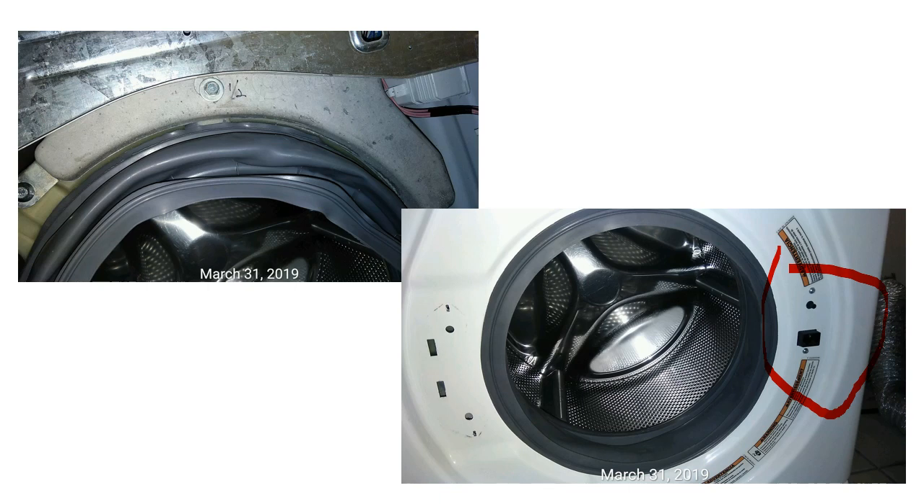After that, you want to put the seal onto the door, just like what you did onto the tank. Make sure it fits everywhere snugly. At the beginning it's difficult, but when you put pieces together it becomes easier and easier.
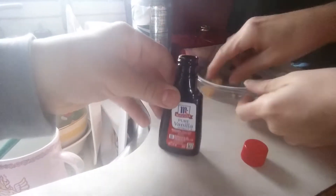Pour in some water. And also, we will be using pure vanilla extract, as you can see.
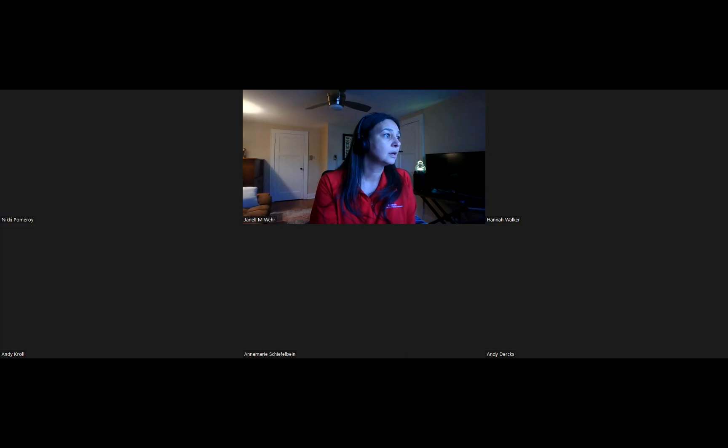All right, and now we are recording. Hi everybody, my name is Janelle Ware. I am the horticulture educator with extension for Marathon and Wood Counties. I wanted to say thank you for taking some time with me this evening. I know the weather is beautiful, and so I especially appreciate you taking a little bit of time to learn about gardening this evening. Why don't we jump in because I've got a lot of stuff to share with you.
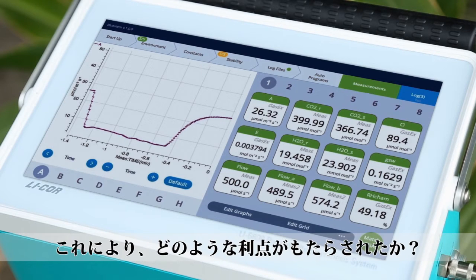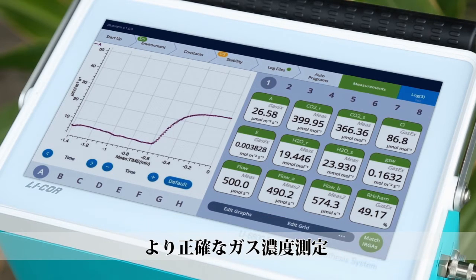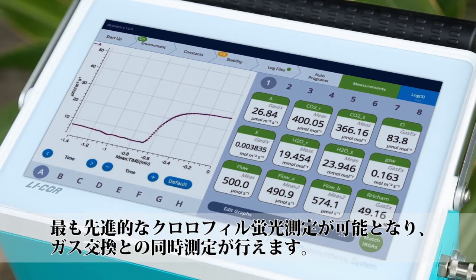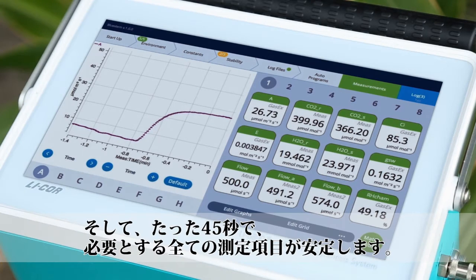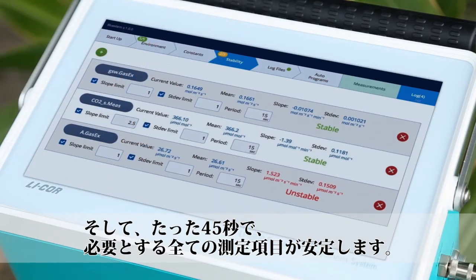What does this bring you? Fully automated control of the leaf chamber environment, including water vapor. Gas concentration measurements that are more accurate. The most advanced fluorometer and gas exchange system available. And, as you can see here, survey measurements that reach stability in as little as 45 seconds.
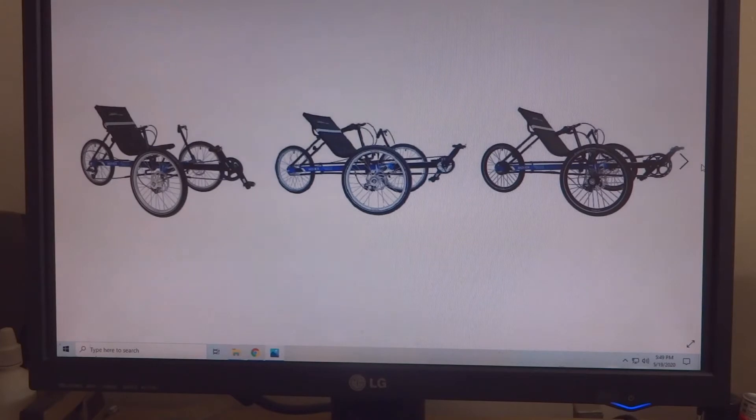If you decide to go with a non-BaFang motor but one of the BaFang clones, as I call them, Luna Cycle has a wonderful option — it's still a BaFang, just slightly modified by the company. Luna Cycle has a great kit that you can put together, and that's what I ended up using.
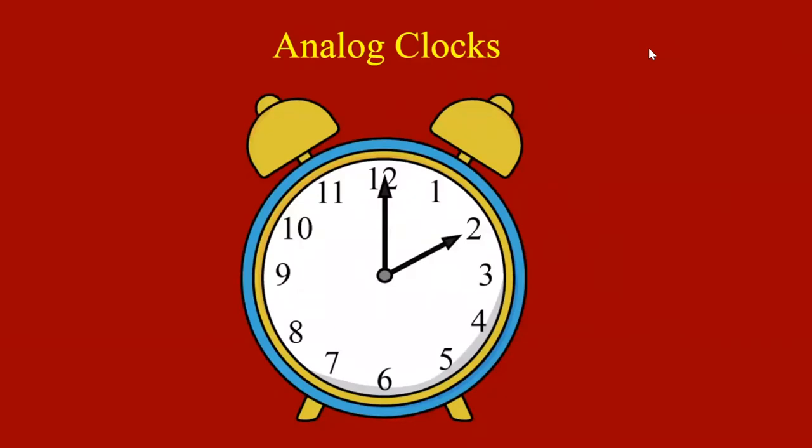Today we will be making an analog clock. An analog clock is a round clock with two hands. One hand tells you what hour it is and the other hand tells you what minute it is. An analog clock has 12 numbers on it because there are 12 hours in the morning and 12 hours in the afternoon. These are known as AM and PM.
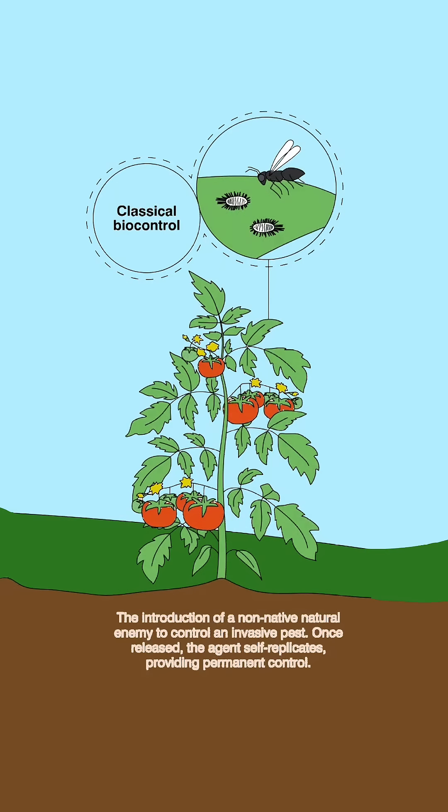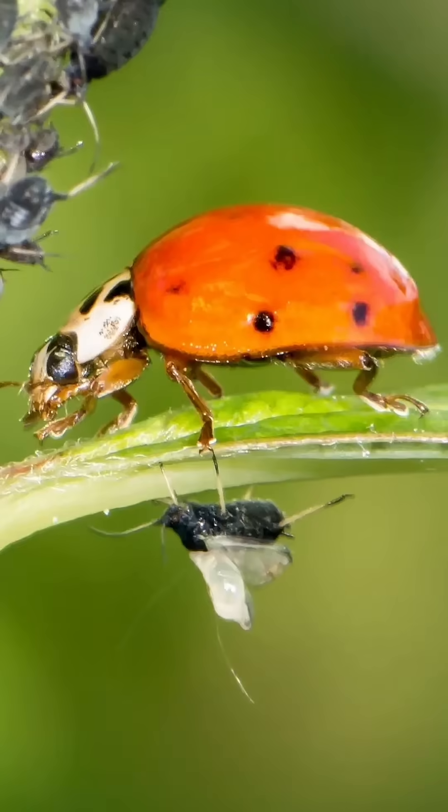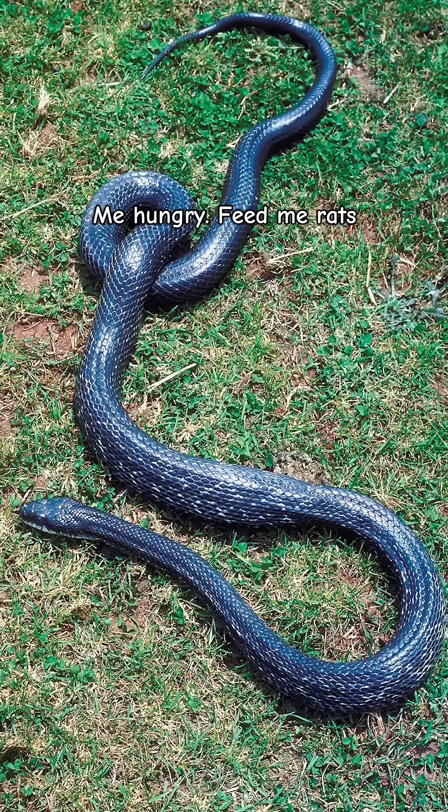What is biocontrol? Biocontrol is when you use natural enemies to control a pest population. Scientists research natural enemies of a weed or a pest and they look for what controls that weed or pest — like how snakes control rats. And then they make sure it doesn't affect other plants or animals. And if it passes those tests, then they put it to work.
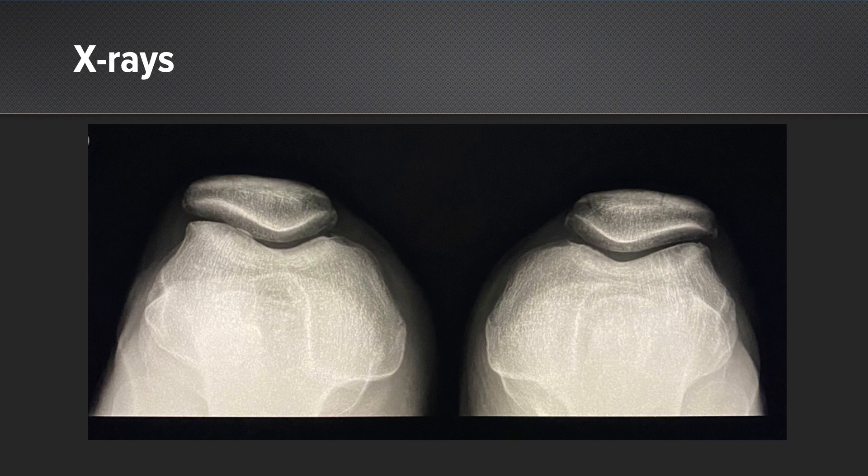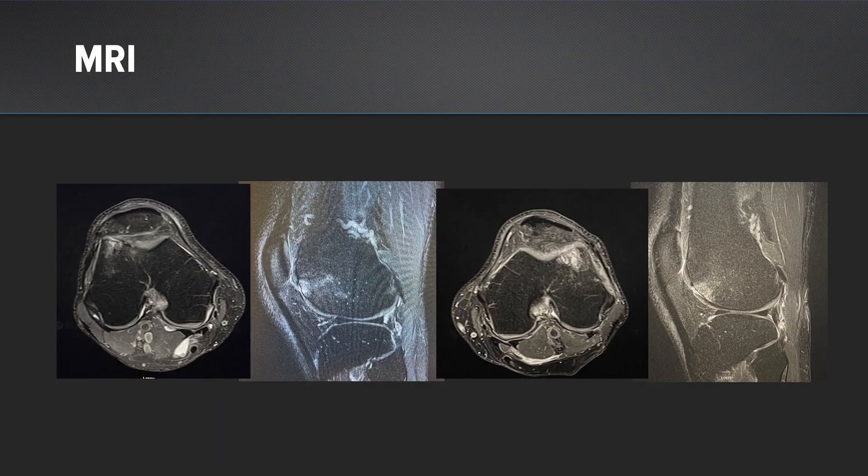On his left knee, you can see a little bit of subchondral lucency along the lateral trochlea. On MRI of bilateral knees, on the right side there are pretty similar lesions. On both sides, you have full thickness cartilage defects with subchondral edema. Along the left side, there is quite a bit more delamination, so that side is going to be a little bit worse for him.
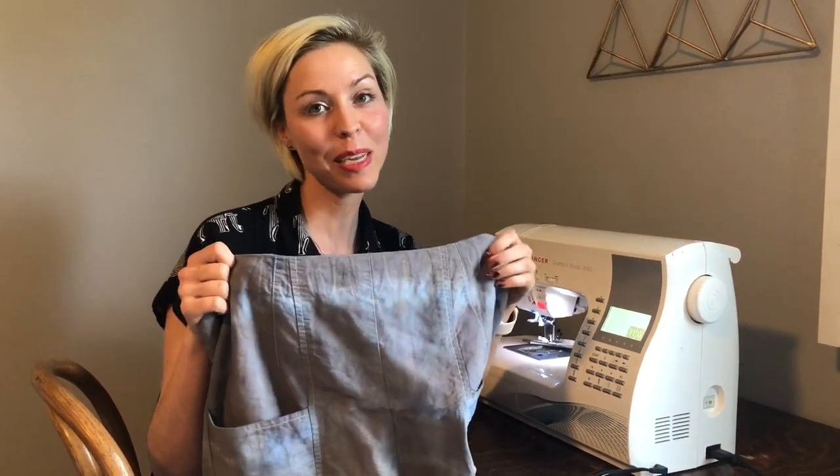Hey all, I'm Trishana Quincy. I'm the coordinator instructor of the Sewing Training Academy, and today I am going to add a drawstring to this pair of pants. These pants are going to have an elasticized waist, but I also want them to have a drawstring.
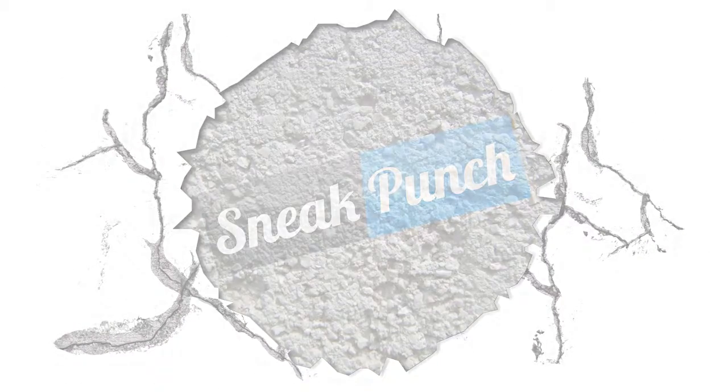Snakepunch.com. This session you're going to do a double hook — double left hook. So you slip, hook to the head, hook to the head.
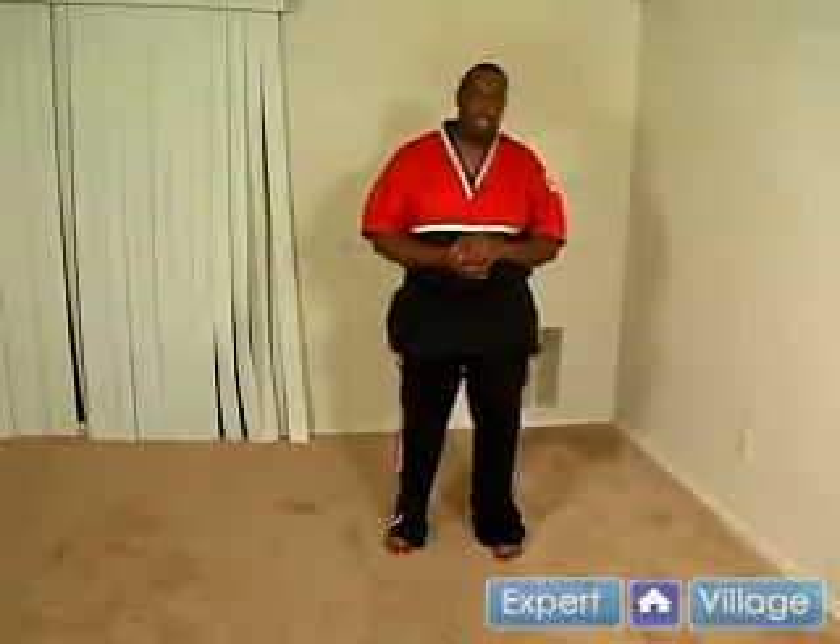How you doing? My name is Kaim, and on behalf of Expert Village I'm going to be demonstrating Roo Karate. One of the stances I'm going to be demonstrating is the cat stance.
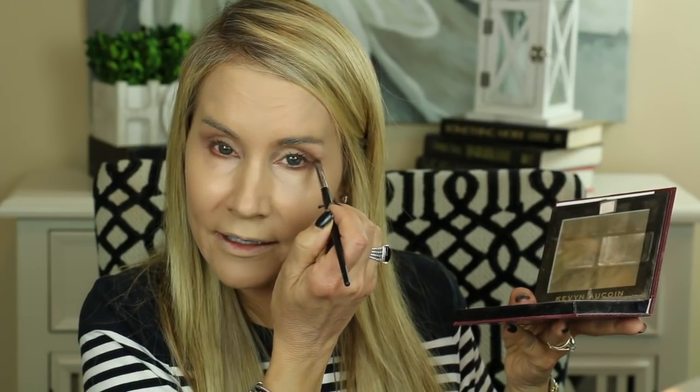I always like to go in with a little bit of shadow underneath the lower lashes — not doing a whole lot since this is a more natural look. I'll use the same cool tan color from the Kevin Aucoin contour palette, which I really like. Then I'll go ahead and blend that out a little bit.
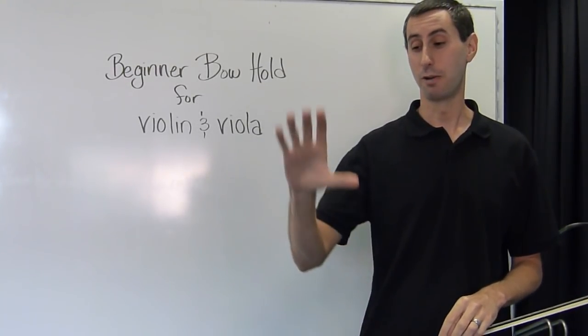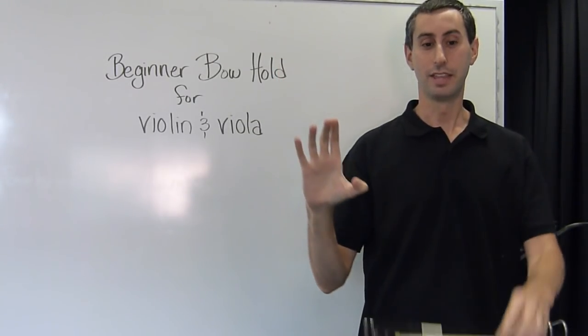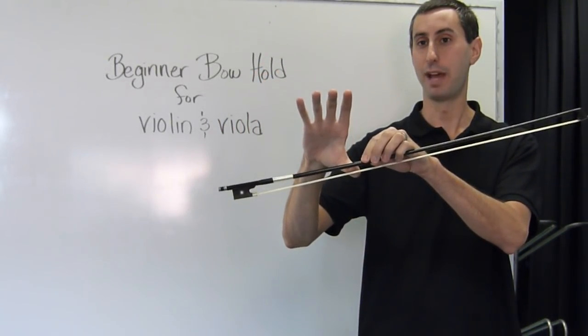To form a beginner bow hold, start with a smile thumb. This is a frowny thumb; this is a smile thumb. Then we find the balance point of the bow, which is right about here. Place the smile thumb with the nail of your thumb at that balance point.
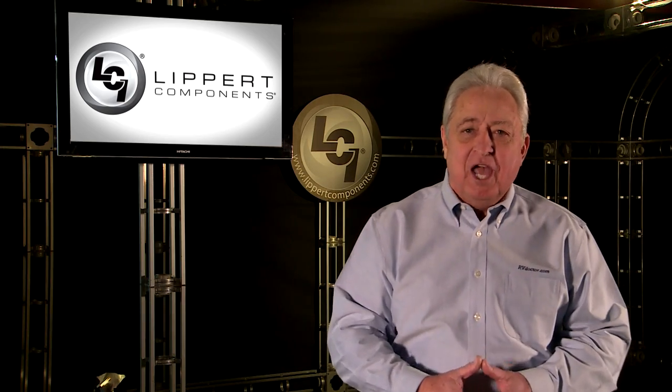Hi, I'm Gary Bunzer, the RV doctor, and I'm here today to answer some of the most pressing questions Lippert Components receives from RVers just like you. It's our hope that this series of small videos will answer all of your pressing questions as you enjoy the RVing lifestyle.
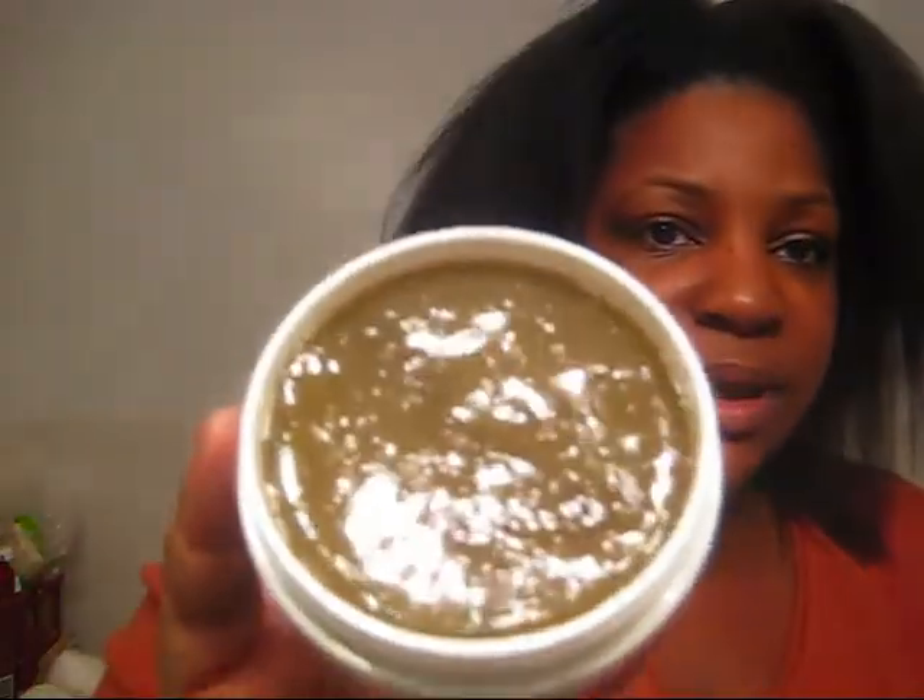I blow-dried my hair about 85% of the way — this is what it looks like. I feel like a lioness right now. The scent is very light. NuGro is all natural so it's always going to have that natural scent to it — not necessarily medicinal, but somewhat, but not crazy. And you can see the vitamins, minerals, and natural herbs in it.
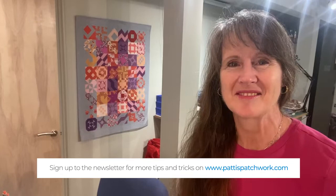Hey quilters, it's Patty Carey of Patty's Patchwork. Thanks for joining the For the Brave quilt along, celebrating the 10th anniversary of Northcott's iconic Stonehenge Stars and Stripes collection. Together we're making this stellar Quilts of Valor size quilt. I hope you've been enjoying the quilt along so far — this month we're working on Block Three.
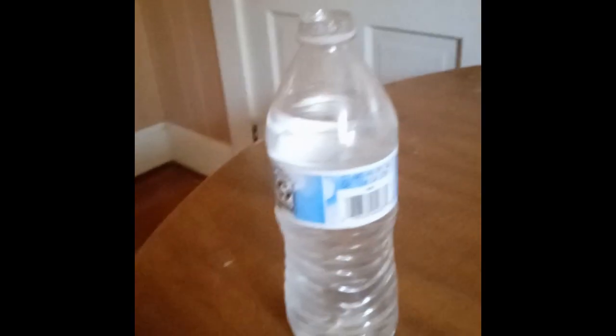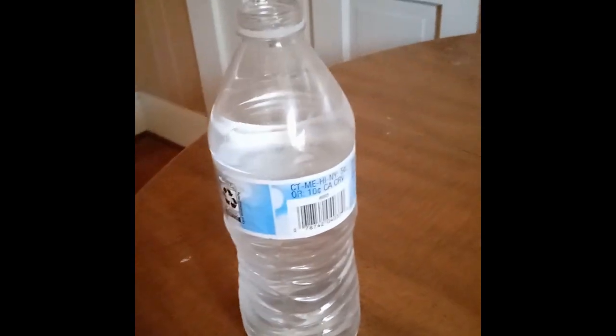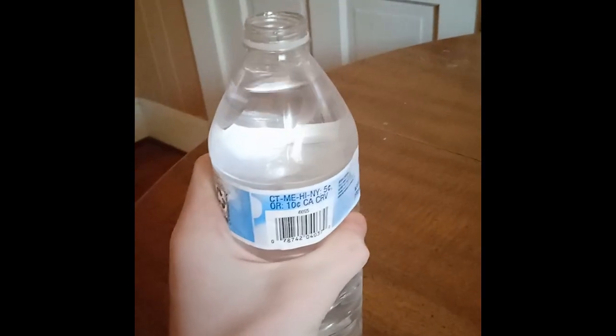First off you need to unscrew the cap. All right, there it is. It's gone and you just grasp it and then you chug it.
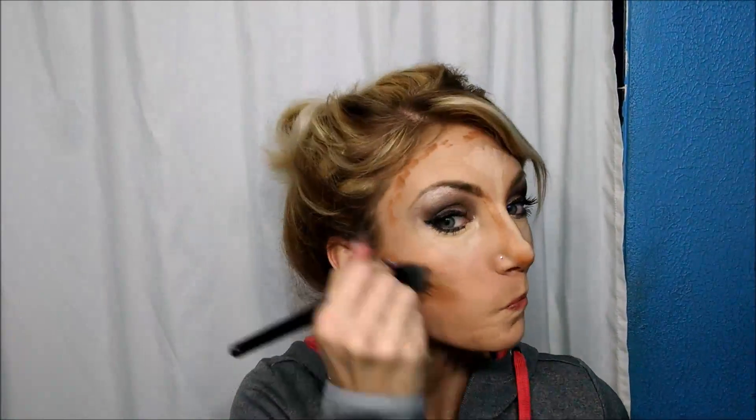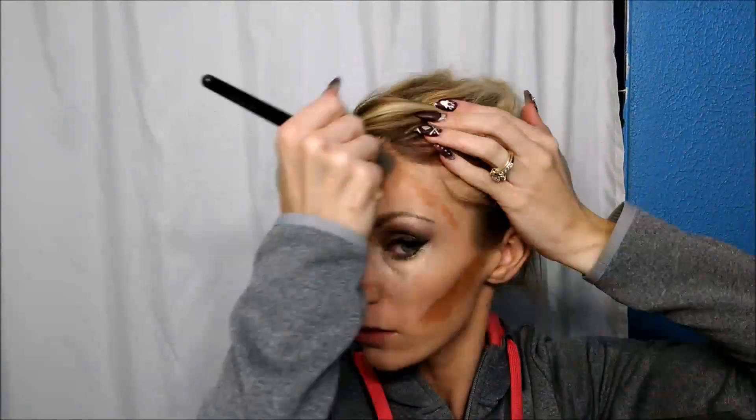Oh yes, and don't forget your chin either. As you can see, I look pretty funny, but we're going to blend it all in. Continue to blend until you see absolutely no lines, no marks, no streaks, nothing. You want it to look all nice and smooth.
---
§ Task to complete
Only the lines starting at the one with "Today we will" and ending at the one with "Hey all, I'm" should be printed, each exactly as it appears in the material above; the pictures are to be omitted.

§ Answer for this exercise
Today we will be making an analog clock. An analog clock is a round clock with two hands. One hand tells you what hour it is and the other hand tells you what minute it is. An analog clock has 12 numbers on it because there are 12 hours in the morning and 12 hours in the afternoon. These are known as AM and PM.
What is biocontrol? Biocontrol is when you use natural enemies to control a pest population. Scientists research natural enemies of a weed or a pest and they look for what controls that weed or pest — like how snakes control rats. And then they make sure it doesn't affect other plants or animals. And if it passes those tests, then they put it to work.
On his left knee, you can see a little bit of subchondral lucency along the lateral trochlea. On MRI of bilateral knees, on the right side there are pretty similar lesions. On both sides, you have full thickness cartilage defects with subchondral edema. Along the left side, there is quite a bit more delamination, so that side is going to be a little bit worse for him.
Hey all, I'm Trishana Quincy. I'm the coordinator instructor of the Sewing Training Academy, and today I am going to add a drawstring to this pair of pants. These pants are going to have an elasticized waist, but I also want them to have a drawstring.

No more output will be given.